The reagents were used to treat the cells for 48 h, following which the cells were resuspended in 2% FBS culture medium. The cells were added to a 35-mm dish, and a 200 µl pipette tip (Sigma-Aldrich; Merck KGaA) was used to scratch the cells. After 48 h, images of the scratches were captured using a microscope. The shortened distances of the scratches were used to determine the migration rates.

Western blot analysis

Total protein was extracted from the cells using lysis solution (Invitrogen; Thermo Fisher Scientific, Inc.). The protein concentration was determined with a BCA kit using a Multiskan reader (Thermo Fisher Scientific, Inc.) at a wavelength of 562 nm. The prestained protein ladder (Invitrogen, Carlsbad, CA, USA) and protein samples (10 µg/lane) were separated by SDS-PAGE on a 12% gel and were then transferred onto PVDF membranes (Sigma-Aldrich; Merck KGaA) by cataphoresis.
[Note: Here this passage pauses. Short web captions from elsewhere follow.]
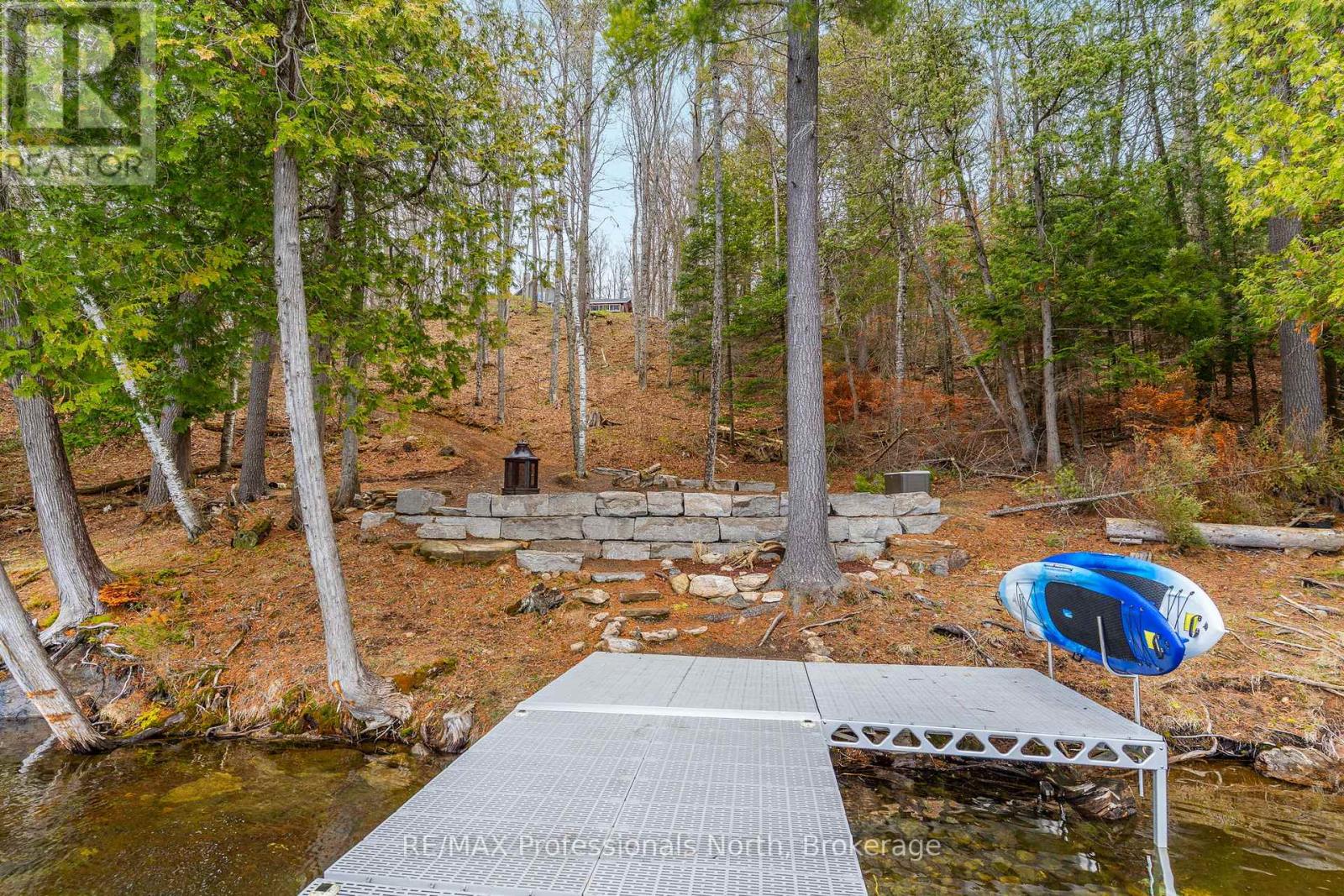 3179 TRAPPERS TRAIL - 48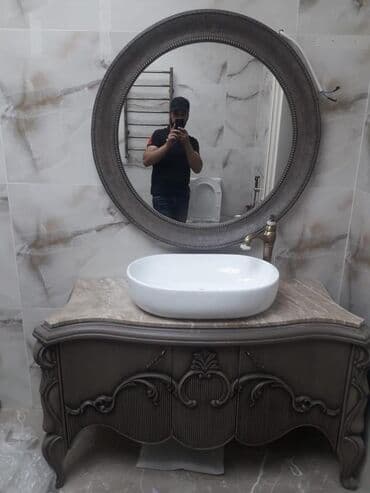 duskabin: Istehsaldan yeni cixmis mehsullarimiz sizleri gozleyir tukenmeden — 4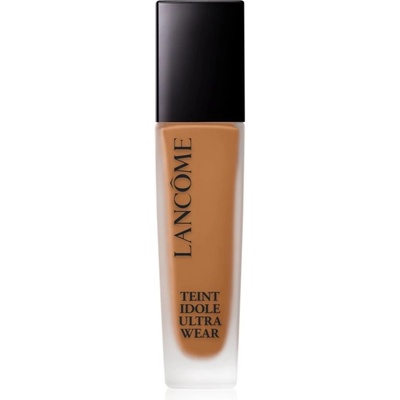 Lancôme Teint Idole Ultra Wear 24h dlouhotrvající make up SPF35 405W 30 ml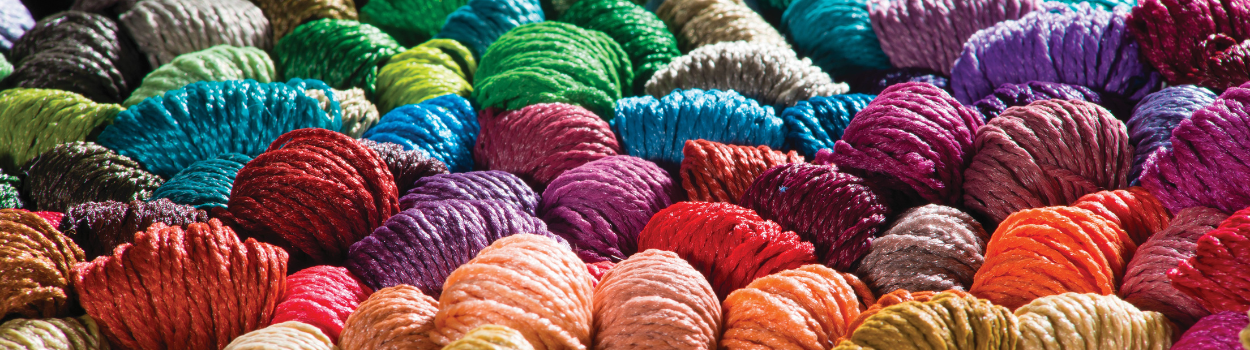 Universal Fibers, Inc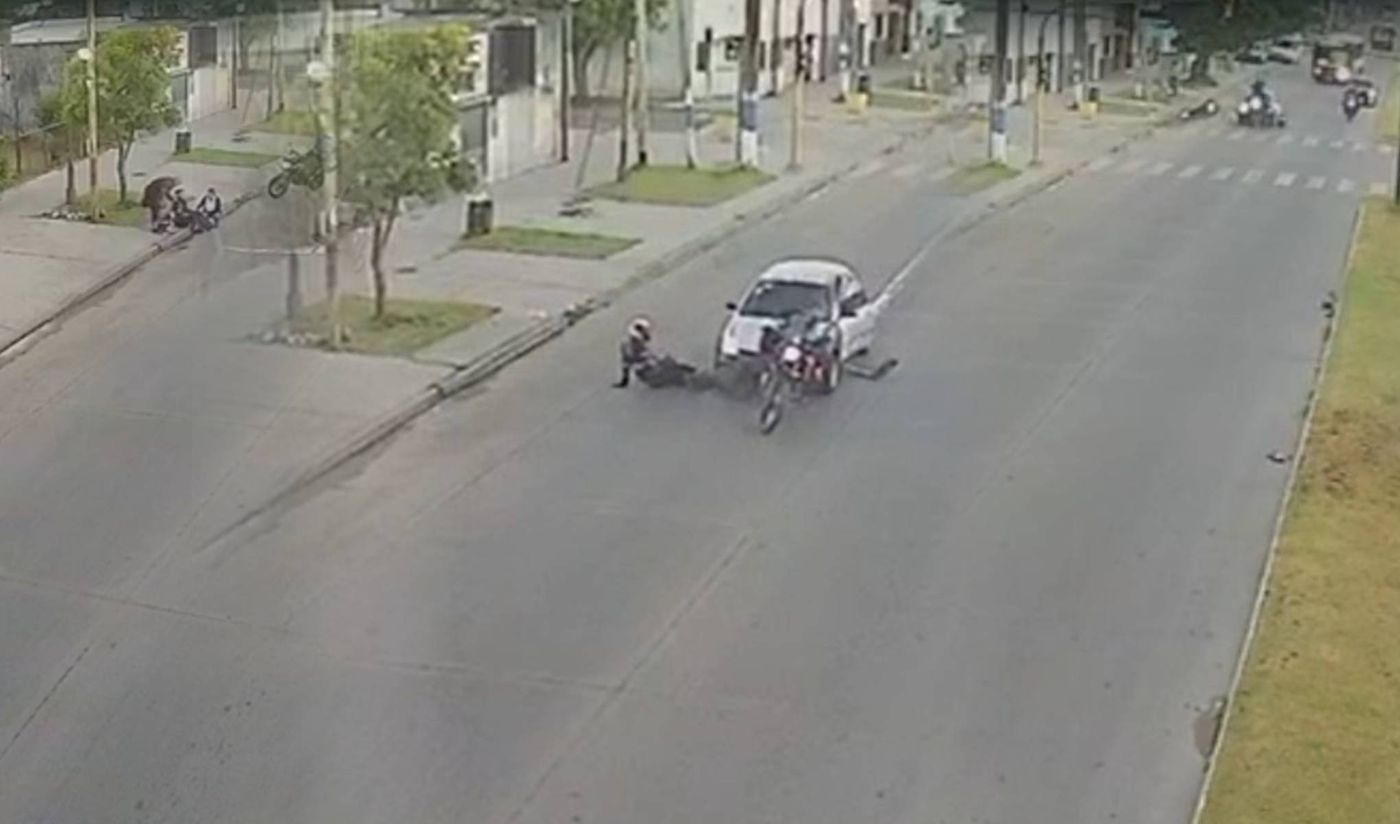 Atropelló y arrastró Melchor Romero.jpg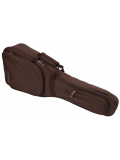 JR2S (Tobacco Brown Sunburst), зображення 5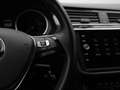 Volkswagen Tiguan 1.5 TSI 130 pk Comfortline | Trekhaak | Navigatie Blauw - thumbnail 25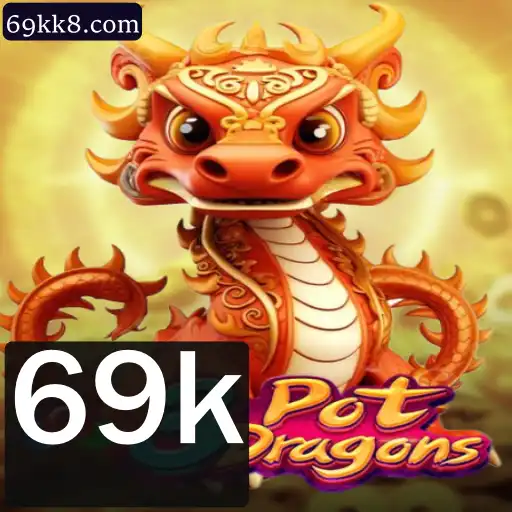 Descubra o Mundo de Aventura de 3PotDragons: O Jogo do Momento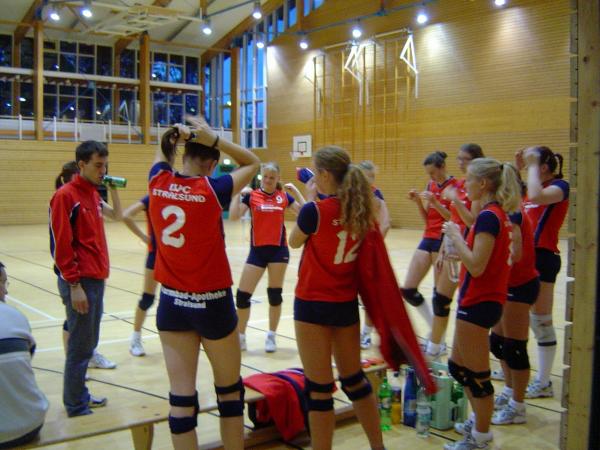 Urheber: André Thiel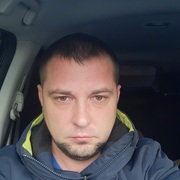 Евгений Смирнов, 32, Пушкино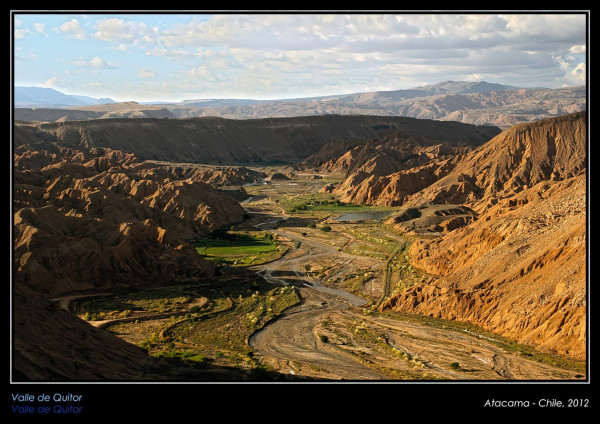 Atacama 2012 14-standard-scale-1 45x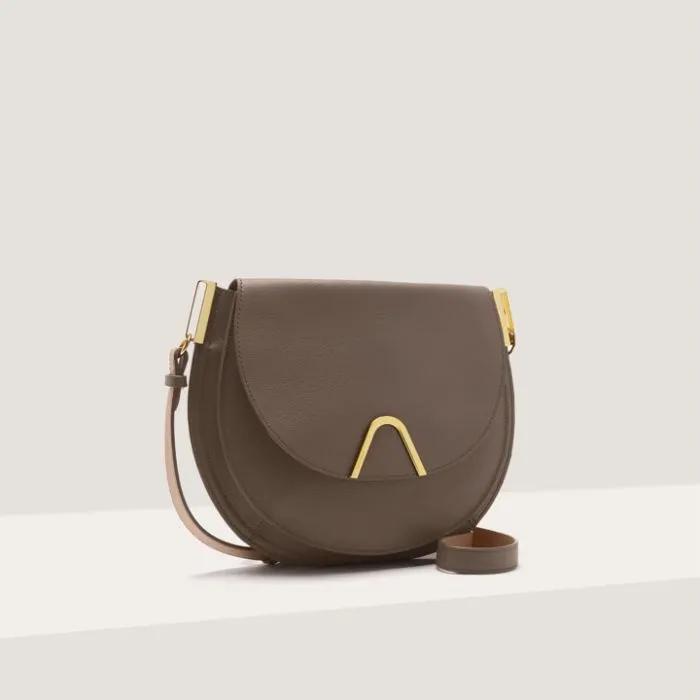 Coccinelle Sunup Medium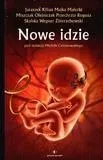 nowe-idzie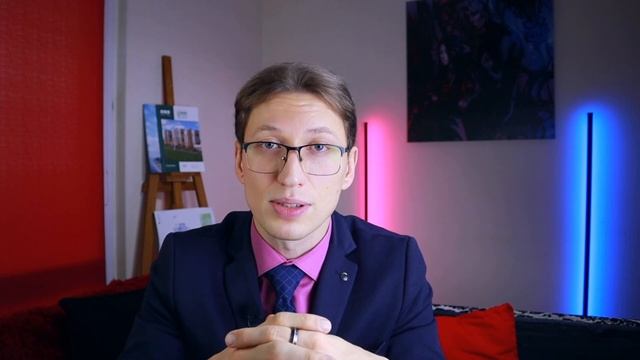 Первая встреча риэлтора с клиентом смотреть онлайн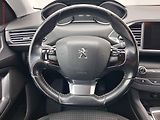 Peugeot 308 (2019) 1.2 PT, 1.maj,ČR, servis - náhled 11
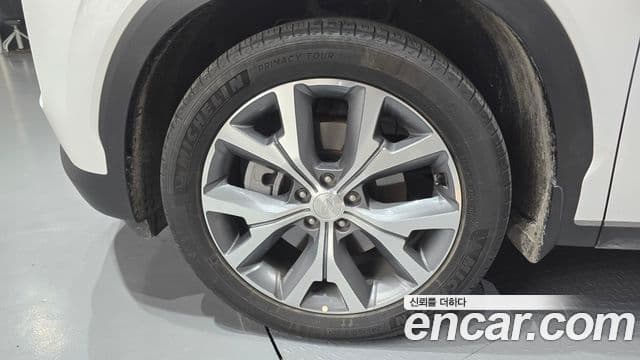 Hyundai Palisade Prestige, 2022 все фото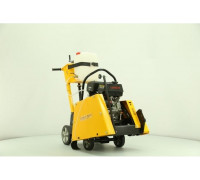 Резчик швов СПЛИТСТОУН CS2413 Loncin 170000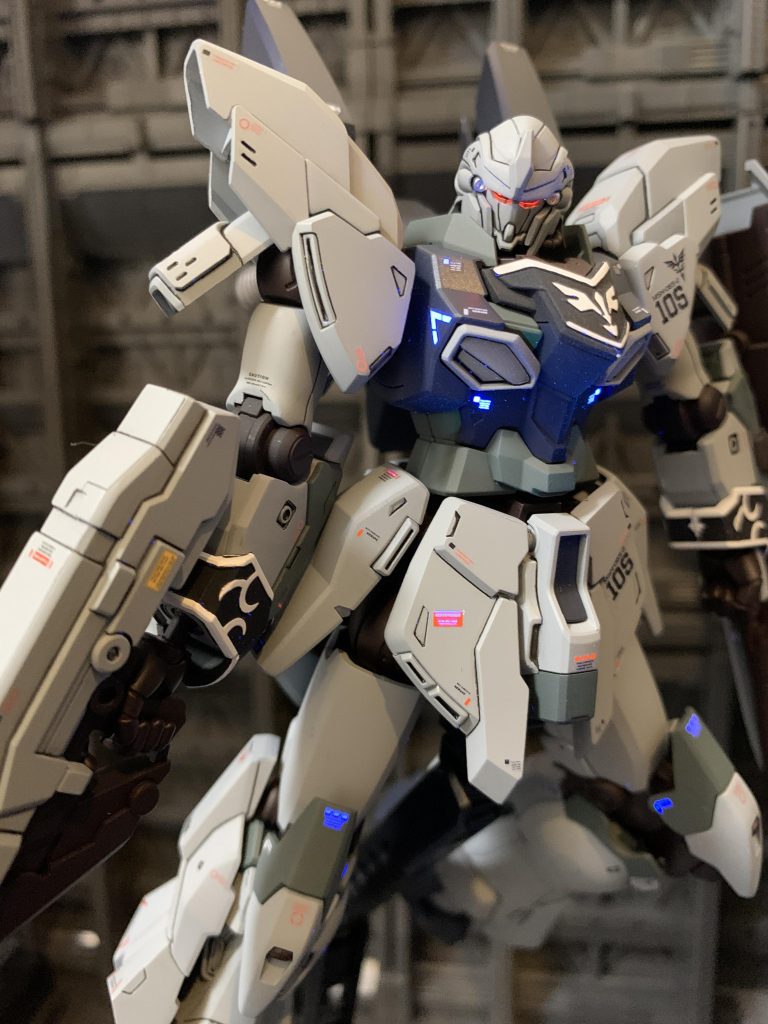 最後までご覧頂きありがとうございました!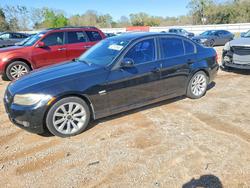 2011 BMW 328 xi for sale in Theodore, AL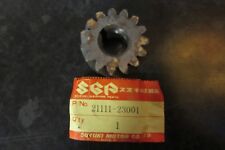 1972 1977 nos for sale  ATHERSTONE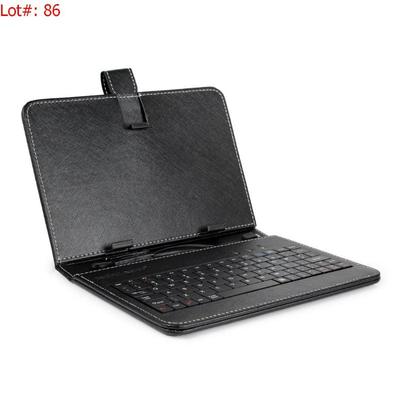 Sale Photo Thumbnail #87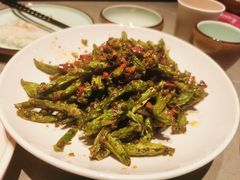 -同合居·非遗东北菜(红博会展店)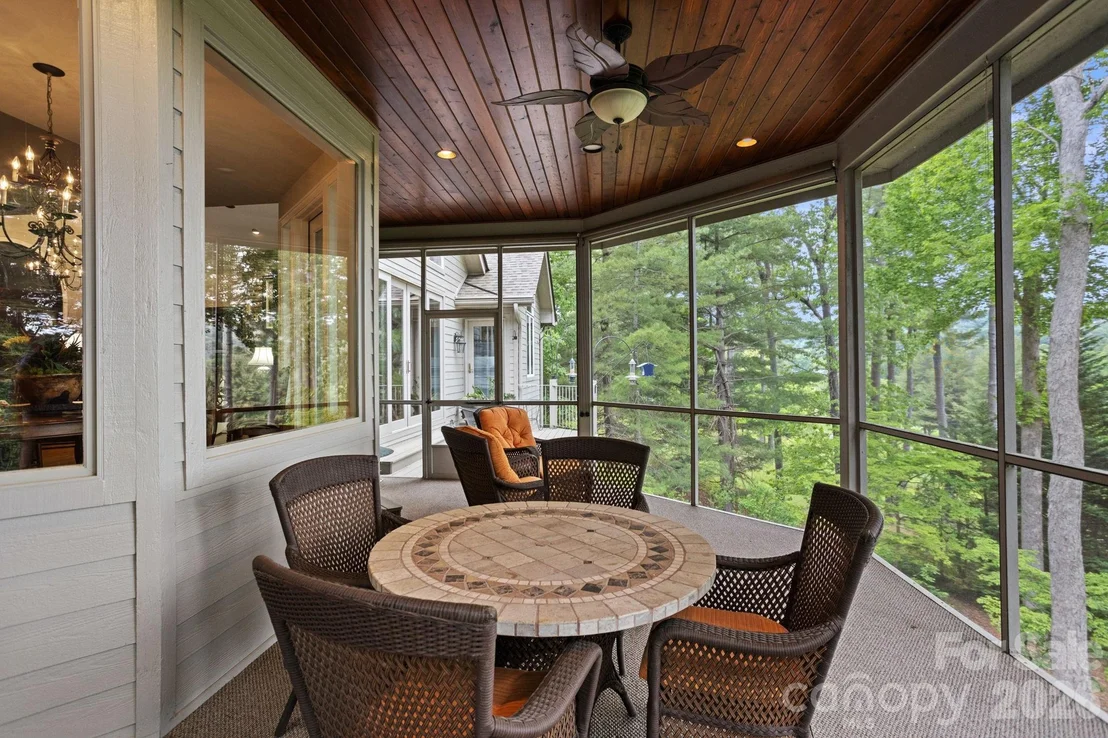 Photo of 209 Pineholt Lane
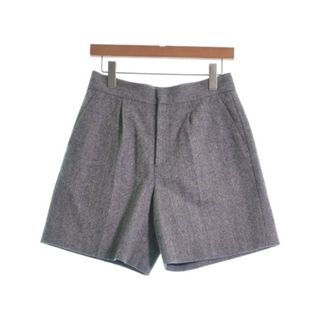 JOURNAL STANDARD - JOURNAL STANDARD ショートパンツ 38(M位) 【古着】【中古】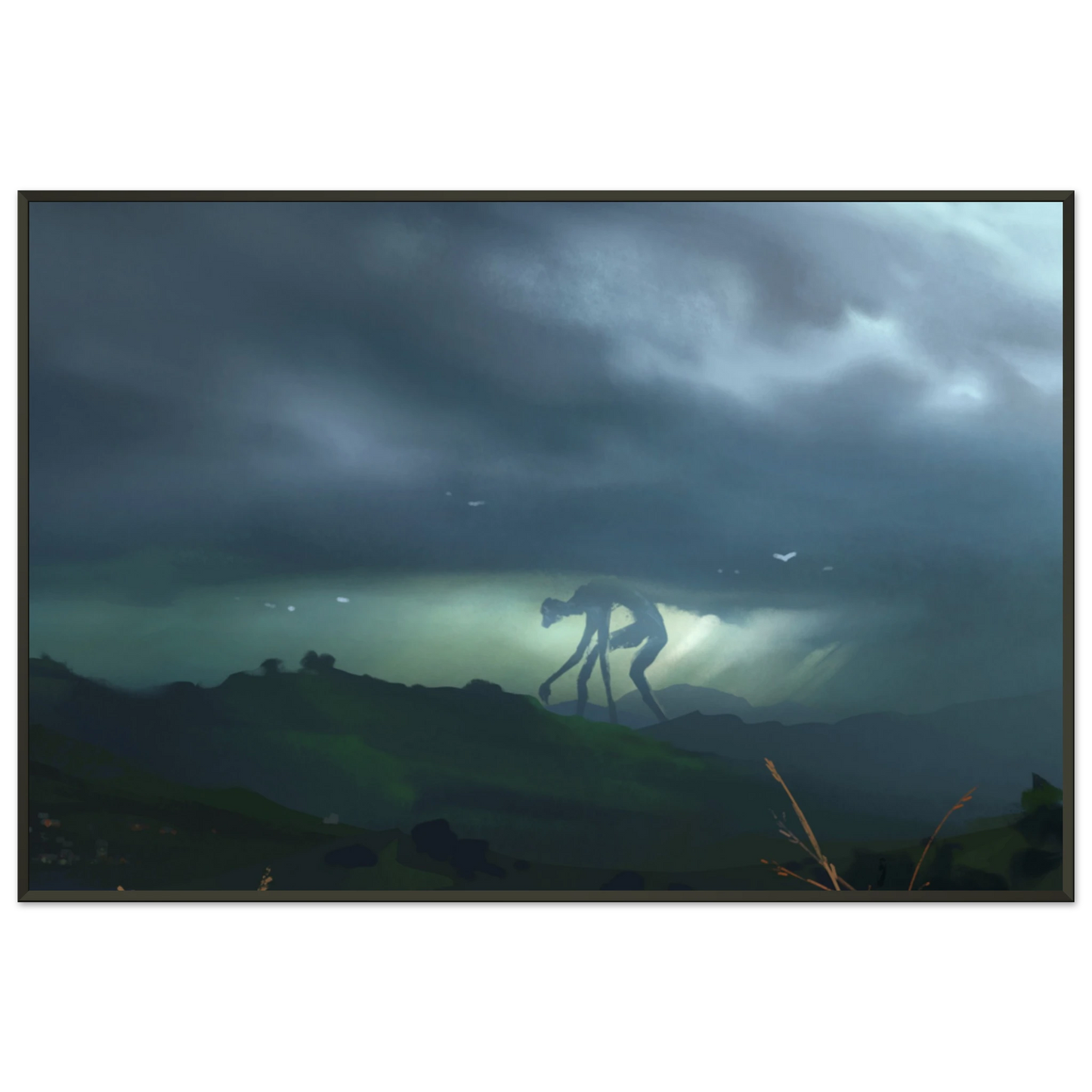 f8198e65-4edd-4a74-a99e-7b7acd25e0dc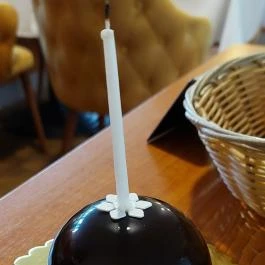 Belenus Thermalhotel Superior Zalakaros - Vendéglátás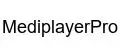 MediplayerPro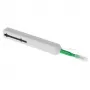 ACT EA9911 One-Click-Fasersteckerreiniger SC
The protein membranes were then stained with 1X ponceau solution (Beijing Solarbio Science & Technology Co., Ltd.) and the blank spot of the membranes were blocked by 5% bovine serum albumin solution (Beijing Solarbio Science & Technology Co., Ltd.). Primary antibodies were used to incubate the protein membranes for 12 h at 4°C. The primary antibodies, from Abcam (Cambridge, MA, USA), were as follows: Bcl-2 (cat. no. ab59348; 26 kDa), Bax (cat. no. ab32503; 21 kDa), cleaved caspase-3 (cat. no. ab2302; 17 kDa), PTEN (cat. no. ab32199; 54 kDa), phosphorylated (p-)PI3K (cat. no. ab182651; 84 kDa), PI3K (cat. no. ab191606; 85 kDa), p-Akt (cat. no. ab38449; 56 kDa), Akt (cat. no. ab8805; 55 kDa; all 1:1,000) and GAPDH (cat. no. ab8245; 36 kDa; 1:2,000). Secondary antibodies (cat. no. ab6721; 1:5,000; Abcam) were used to incubate the protein membranes for 2 h at room temperature. The protein membranes were stained using an ECL kit (Sigma-Aldrich; Merck KGaA), and fluorescence was determined using an imaging system (Tanon Science and Technology Co., Ltd., Shanghai, China) and protein stains were analyzed using the BandScan 5.0 system (Glyko, Inc., Novato, CA, USA).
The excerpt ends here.